Broken people do what broken people do when their environment becomes unsafe.
They leave.
I moved abroad. Not because I had dreams of reinvention. Because staying felt like dying. I took a job at a café in Lisbon, changed my number, learned to live quietly. I stopped posting online. I stopped tagging locations. I stopped telling strangers my full name. I lived in a small apartment with peeling paint and a balcony that looked out at laundry lines.
I learned a new rhythm. A new language. A new way to exist without expecting anything from anyone.
Even then, deep down, I held onto a small, pathetic hope.
Hope that someday my mother would call and say it had all been a mistake. Hope that my father would admit he’d been wrong.
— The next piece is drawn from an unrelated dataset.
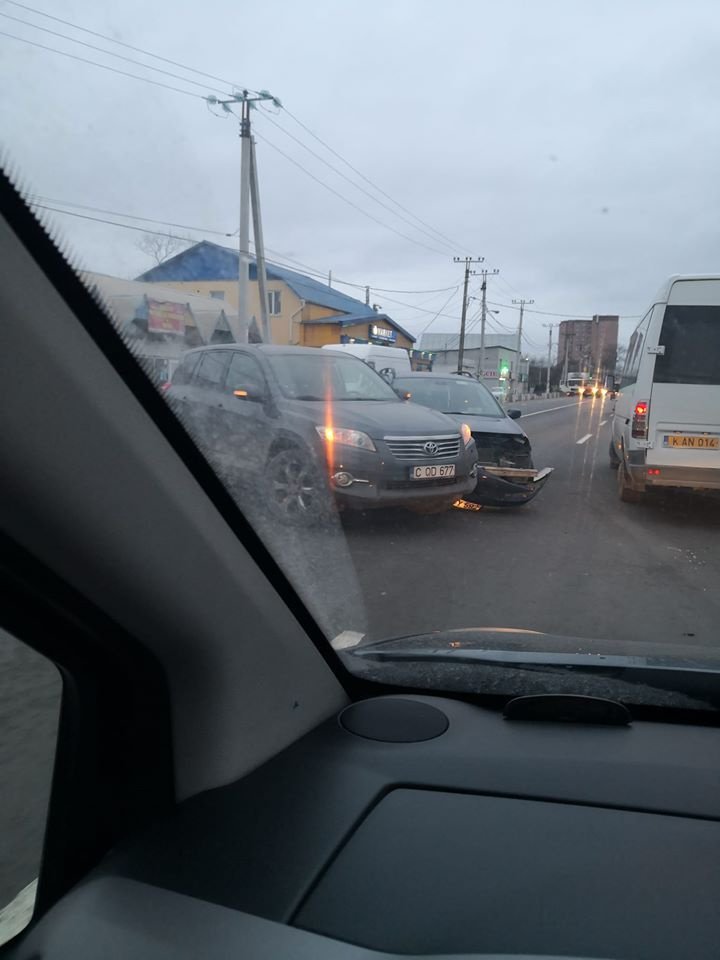 Accident matinal în oraşul Vatra. Două maşini s-au ciocnit violent (FOTO)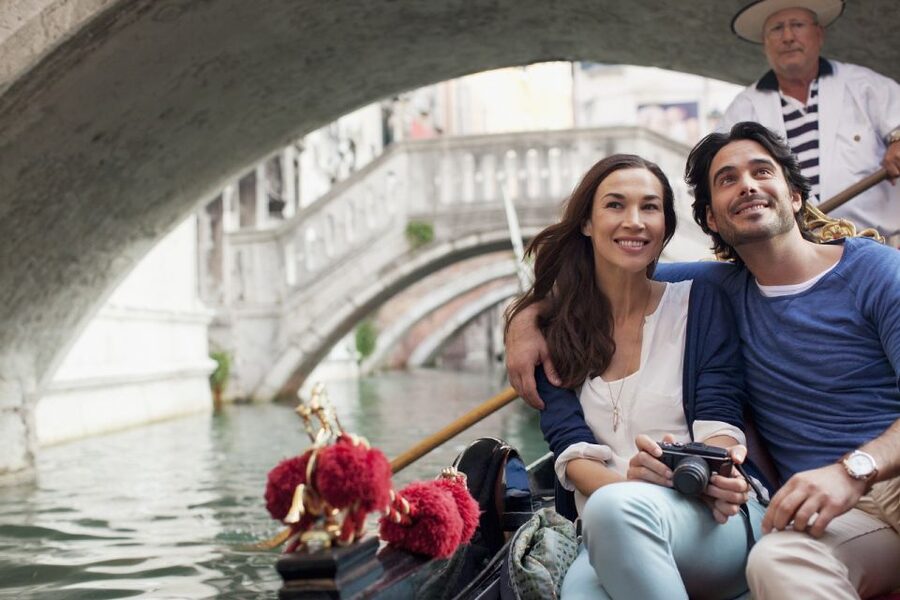 Venice: Grand Canal by Gondola with Live Commentary - Gliding through side canals, then heading for the Grand Canal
Hope that someone—anyone—would ask if I was alive.
That day never came.
Instead, something worse did.
Last year I tried to renew my old email account—one I’d used for banking and old contacts.
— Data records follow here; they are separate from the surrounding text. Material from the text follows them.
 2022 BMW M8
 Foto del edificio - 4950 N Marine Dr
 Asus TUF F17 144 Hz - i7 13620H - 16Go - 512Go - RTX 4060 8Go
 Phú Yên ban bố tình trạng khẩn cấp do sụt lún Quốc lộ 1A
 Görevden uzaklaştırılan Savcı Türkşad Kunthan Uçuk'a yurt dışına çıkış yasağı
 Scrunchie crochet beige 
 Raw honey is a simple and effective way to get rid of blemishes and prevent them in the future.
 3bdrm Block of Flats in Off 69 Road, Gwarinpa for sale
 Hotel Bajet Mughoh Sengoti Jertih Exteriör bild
The system wouldn’t let me.
When I contacted support, the reply came back cold and automated:
Account deactivated due to reported user deceased.
I stared at the message until I felt sick.
They hadn’t just disowned me.
They erased me.
Digitally. Officially. Completely.
I couldn’t sleep that night. And now, watching my parents stand at a podium beside a casket and tell the world I was dead, I understood the full shape of what they had done.
They hadn’t just cut me off.
They had killed me on paper.
I forced myself to move, to think, to stop staring at the video like it would change.
I called Mrs. Langford.
She answered on the first ring, voice trembling. “Maya?” she whispered.
My name sounded strange from her mouth, like she was summoning a ghost.
“It’s me,” I said, and my voice shook. “I’m alive.”